Short descriptive text snippets:
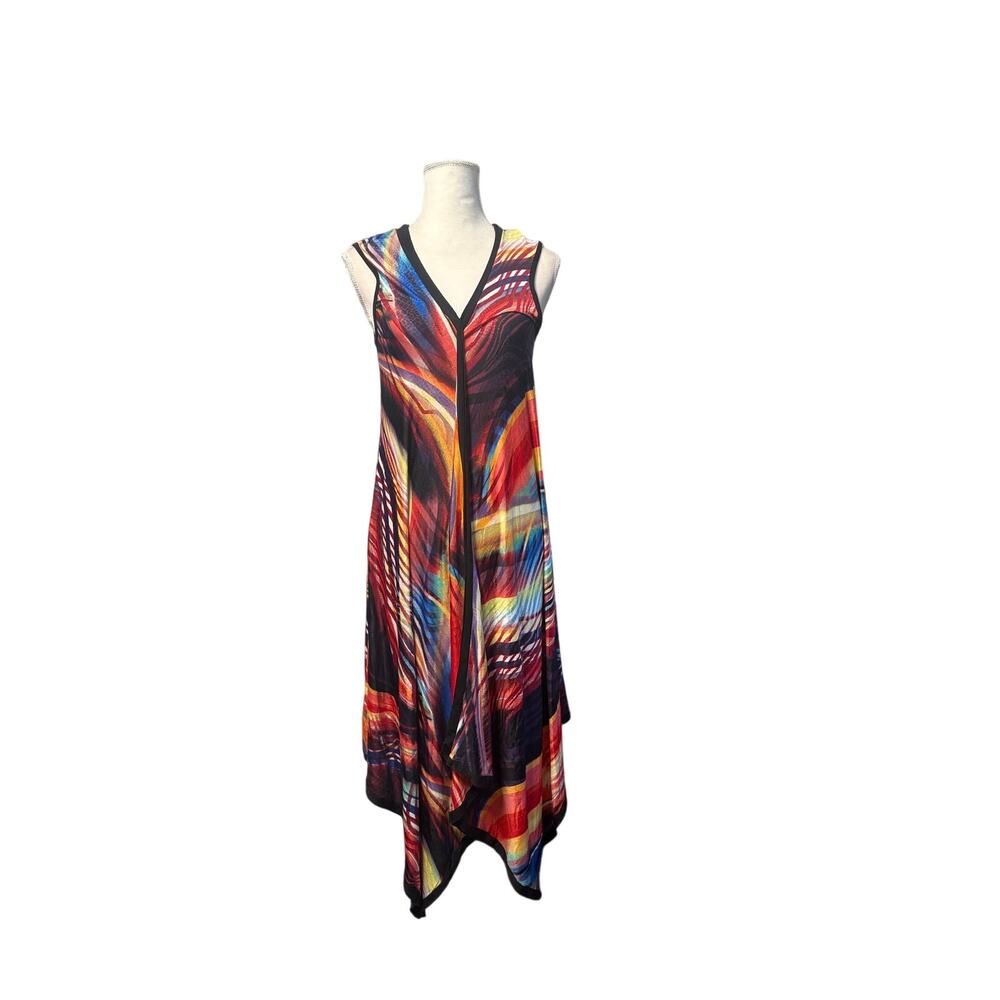 Laura Max Abstract Multicolor V-Neck Sleeveless Maxi Dress Size L
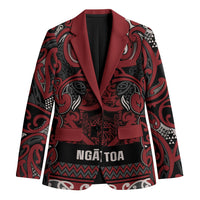 Aotearoa Iwi Ngati Toa Blazer Maori Wharenui House Tribal Pattern LT9 Unisex Dark Red - Polynesian Pride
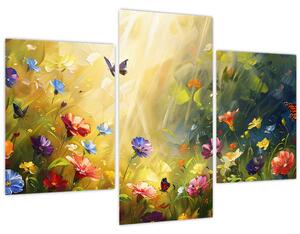 Obraz - Jarná kvetinová lúka, maľba (90x60 cm)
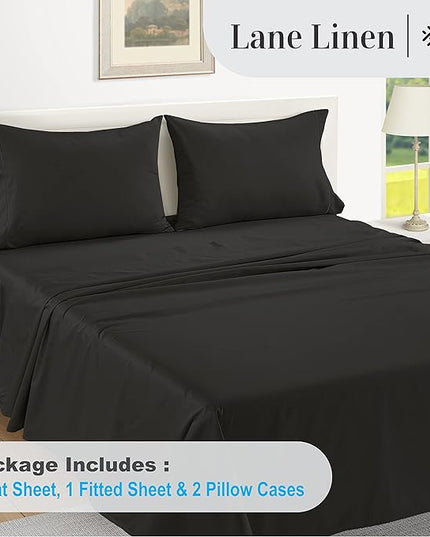 LANE LINEN 1000 Thread Count Striped Sheets Set - 100% Egyptian Cotton Bed Sheets, 4 Piece Cotton Sheets for King Size Bed, Hotel Bedding Sheets & Pillowcases, Fits Upto 17" Mattress - Black - LeafyLoom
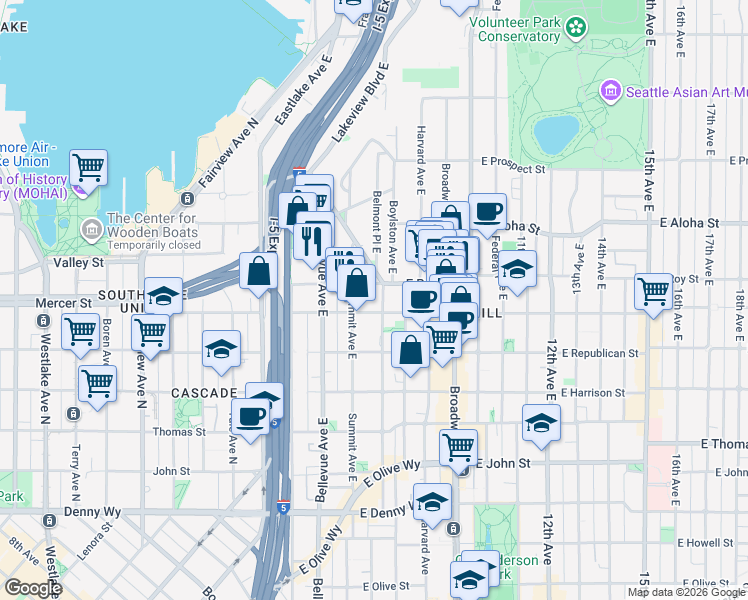 map of restaurants, bars, coffee shops, grocery stores, and more near 511 East Roy Street in Seattle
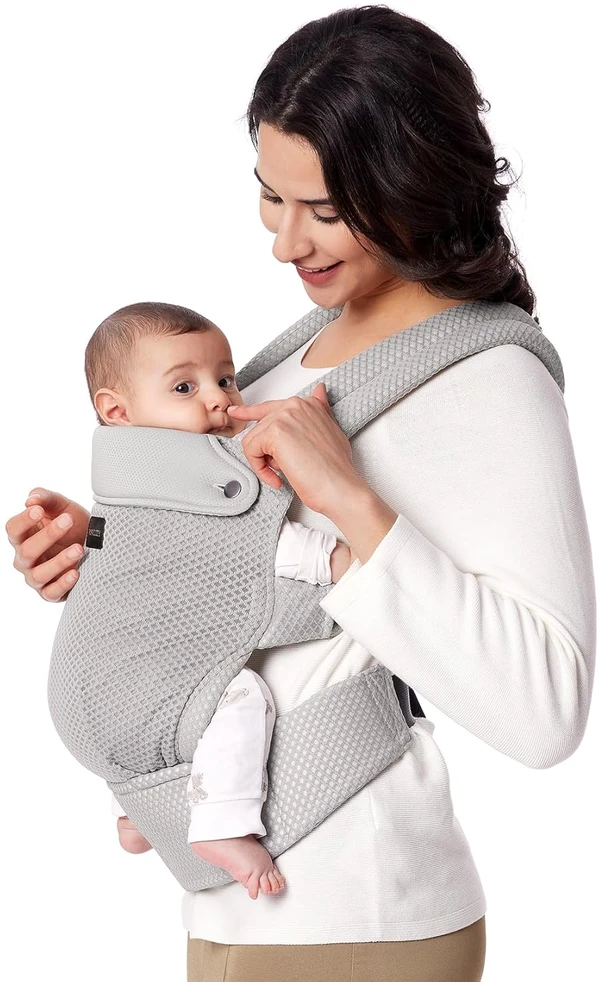 MOMCOZY ERGONOMINĖ KŪDIKIŲ NEŠIOKLĖ SU TINKLELIU, PILKA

> _Task_
Leaving out the pictures, please transcribe exactly the lines from the one that holds "Obraz - Jarná" through the last line of the entries above, both included.

> _Task response_
 Obraz - Jarná kvetinová lúka, maľba (90x60 cm)
 LANE LINEN 1000 Thread Count Striped Sheets Set - 100% Egyptian Cotton Bed Sheets, 4 Piece Cotton Sheets for King Size Bed, Hotel Bedding Sheets & Pillowcases, Fits Upto 17" Mattress - Black - LeafyLoom
 map of restaurants, bars, coffee shops, grocery stores, and more near 511 East Roy Street in Seattle
 MOMCOZY ERGONOMINĖ KŪDIKIŲ NEŠIOKLĖ SU TINKLELIU, PILKA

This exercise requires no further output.